Promotions are foreseeable. People get them all the time. It wouldn't necessarily be a material change in circumstance.

Your ex has until the end of April to provide you with his income (T1) as you mentioned previously. Right now he should be paying you based off his 2013 T1, meaning his 2012 income. That is how it generally works. This year, you will get paid based off of his 2013 income, which likely won't contemplate the promotion. You will get c/s based off of his 2014 next year.

You have a review schedule in your agreement which you are to abide by. If he doesn't abide by it and update based off of his 2013 income by April 2014, you then can proceed to update the c/s in accordance with your agreement. But just because he got a promotion in 2014 doesn't mean you get to skip the provisions you agreed to (ie. your review clause in your agreement).

Unless I am missing something here, and he hasn't disclosed for last year and is otherwise behind that regard, I really think you are jumping the gun and aren't likely going be successful (if not even hit with costs for unnecessarily accelerating the agreed review provision).

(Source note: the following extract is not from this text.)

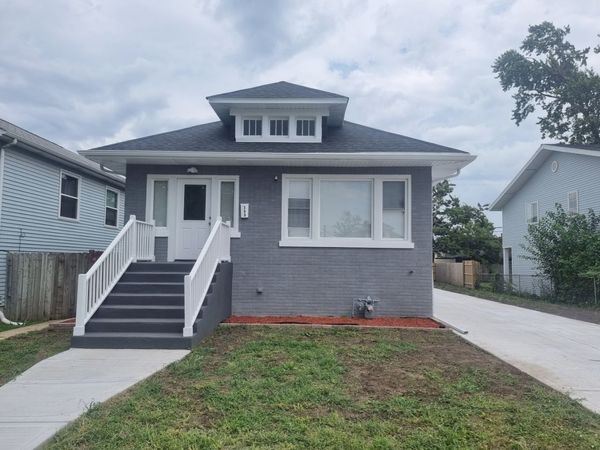 309 S 8th Avenue , Maywood, IL 60153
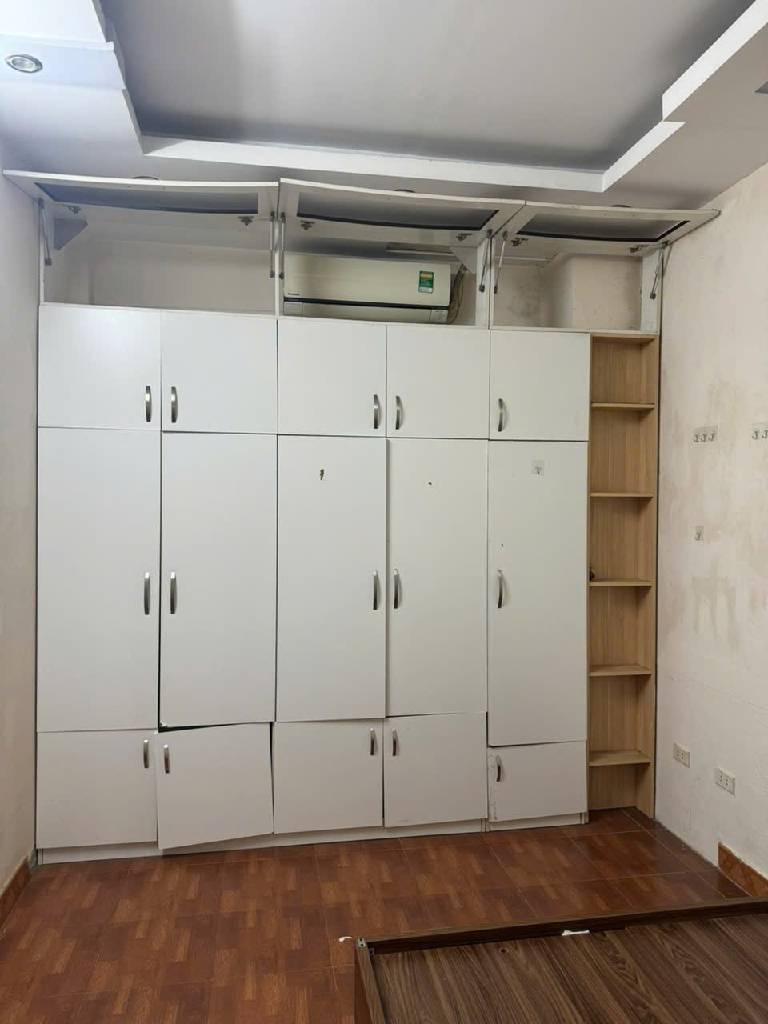 Bán nhà Phan Đình Giót - diện tích 34m2 5 tầng - Mặt ngõ thông ô tô - giá 8,4 tỷ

Edit - just to add, for one to be able to invoke the change in circumstance provision, the change has to be material. Meaning a dramatic shift in one direction or another. A raise to an individual who makes over $100k of 20-30% or so, likely wouldn't be material. A raise of 80-100% likely would. So it isn't cut and dry. Further, there is the income review clause in your agreement strictly for this type of situation. That is why that clause exists, as changes in income are foreseeable and you have a means to update annually.

IMO, given the info provided, should this go to court, I don't like your odds.

Last edited by HammerDad; 03-11-2014 at 12:54 PM.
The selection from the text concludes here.